Task to carry out ::
State the number of lines with "Grand" in the listing, leaving out everything else.
[Data supplied]
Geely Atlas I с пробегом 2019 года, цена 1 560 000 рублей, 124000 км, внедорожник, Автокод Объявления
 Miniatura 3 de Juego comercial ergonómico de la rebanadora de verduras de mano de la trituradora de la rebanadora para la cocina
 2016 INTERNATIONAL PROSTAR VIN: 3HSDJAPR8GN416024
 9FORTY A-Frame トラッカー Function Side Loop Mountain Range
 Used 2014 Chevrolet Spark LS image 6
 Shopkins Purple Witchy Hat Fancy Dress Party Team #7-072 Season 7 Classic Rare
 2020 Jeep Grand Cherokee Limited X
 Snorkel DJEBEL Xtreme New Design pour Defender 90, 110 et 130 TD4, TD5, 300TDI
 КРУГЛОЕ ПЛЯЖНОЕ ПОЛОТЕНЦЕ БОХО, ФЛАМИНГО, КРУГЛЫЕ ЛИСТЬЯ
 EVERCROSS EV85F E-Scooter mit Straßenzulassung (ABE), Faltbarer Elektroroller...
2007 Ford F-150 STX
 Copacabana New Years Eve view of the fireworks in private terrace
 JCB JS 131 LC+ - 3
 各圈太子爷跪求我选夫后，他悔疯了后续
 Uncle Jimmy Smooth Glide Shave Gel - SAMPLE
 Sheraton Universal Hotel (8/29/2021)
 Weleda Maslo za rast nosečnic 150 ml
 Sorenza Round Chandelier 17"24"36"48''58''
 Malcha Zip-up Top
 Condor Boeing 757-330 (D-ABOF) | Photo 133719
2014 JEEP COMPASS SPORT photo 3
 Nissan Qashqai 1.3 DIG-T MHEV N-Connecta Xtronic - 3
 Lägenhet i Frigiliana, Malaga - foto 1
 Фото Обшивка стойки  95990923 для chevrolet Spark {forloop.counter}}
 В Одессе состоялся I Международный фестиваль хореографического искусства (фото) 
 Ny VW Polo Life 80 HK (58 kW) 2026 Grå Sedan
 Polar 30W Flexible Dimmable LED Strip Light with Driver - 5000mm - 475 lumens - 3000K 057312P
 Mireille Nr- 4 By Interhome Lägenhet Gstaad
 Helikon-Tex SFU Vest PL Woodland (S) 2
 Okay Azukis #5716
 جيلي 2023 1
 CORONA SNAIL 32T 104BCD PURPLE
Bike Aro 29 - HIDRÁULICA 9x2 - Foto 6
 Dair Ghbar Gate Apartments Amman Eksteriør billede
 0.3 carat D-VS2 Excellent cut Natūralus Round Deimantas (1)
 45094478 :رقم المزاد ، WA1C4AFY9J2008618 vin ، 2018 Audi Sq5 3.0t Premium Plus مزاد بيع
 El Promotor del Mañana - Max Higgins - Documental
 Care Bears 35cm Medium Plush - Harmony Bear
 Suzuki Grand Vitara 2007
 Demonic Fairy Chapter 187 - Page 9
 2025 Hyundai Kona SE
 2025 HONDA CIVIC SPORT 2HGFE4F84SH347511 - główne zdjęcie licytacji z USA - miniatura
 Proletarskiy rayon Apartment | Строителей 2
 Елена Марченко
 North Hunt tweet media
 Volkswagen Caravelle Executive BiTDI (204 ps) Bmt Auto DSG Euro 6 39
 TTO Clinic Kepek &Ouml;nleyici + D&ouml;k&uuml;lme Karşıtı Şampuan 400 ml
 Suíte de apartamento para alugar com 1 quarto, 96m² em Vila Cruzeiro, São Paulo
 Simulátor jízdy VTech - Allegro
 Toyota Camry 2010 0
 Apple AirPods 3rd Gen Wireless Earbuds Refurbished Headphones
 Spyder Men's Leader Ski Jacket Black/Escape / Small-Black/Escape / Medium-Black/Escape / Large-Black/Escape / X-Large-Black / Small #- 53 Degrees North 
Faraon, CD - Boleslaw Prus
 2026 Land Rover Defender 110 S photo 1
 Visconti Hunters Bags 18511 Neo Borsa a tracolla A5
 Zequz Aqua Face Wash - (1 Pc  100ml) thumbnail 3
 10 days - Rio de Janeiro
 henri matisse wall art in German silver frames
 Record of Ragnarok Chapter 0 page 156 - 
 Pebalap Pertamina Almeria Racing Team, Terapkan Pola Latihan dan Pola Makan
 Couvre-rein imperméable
[/Data supplied]
Exercise solution ::
2